# Data segment
******************************

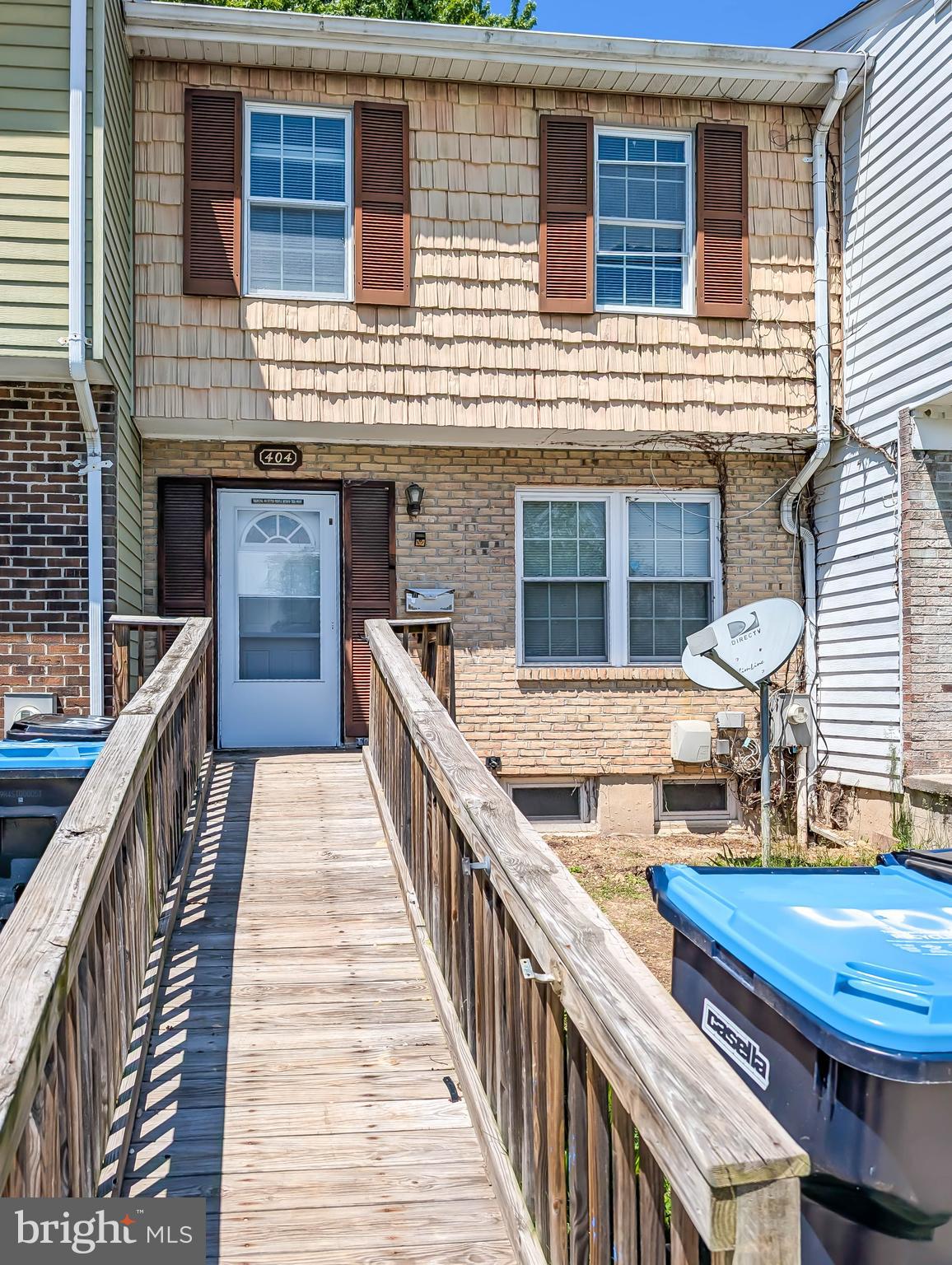 HARFORD SQUARE - Residential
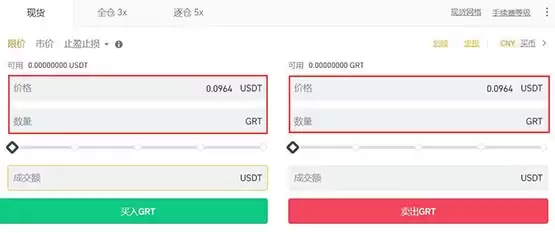 GRT币怎么买?GRT币交易所买卖和交易全教程
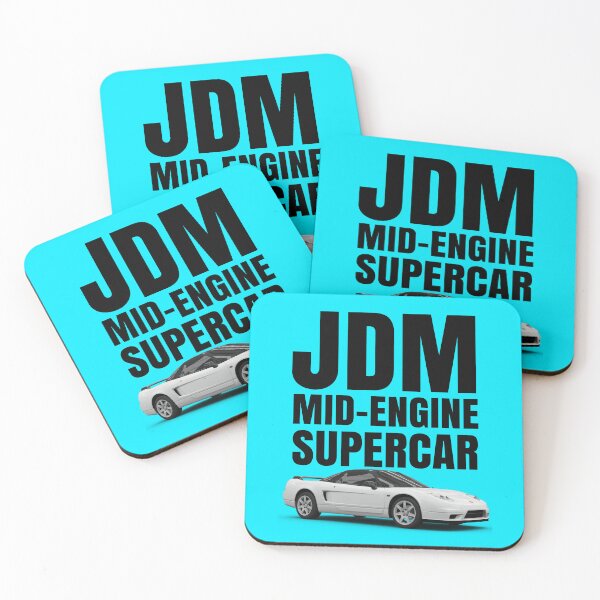 Item preview, JDM Midengine Supercar designed and sold by MOTOSHIFT.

******************************

Could you write out exactly the lines from the line containing "GRT币怎么买?GRT币交易所买卖和交易全教程" to the end of the material, and nothing else? No pictures belong in the copy.

 GRT币怎么买?GRT币交易所买卖和交易全教程
 Item preview, JDM Midengine Supercar designed and sold by MOTOSHIFT.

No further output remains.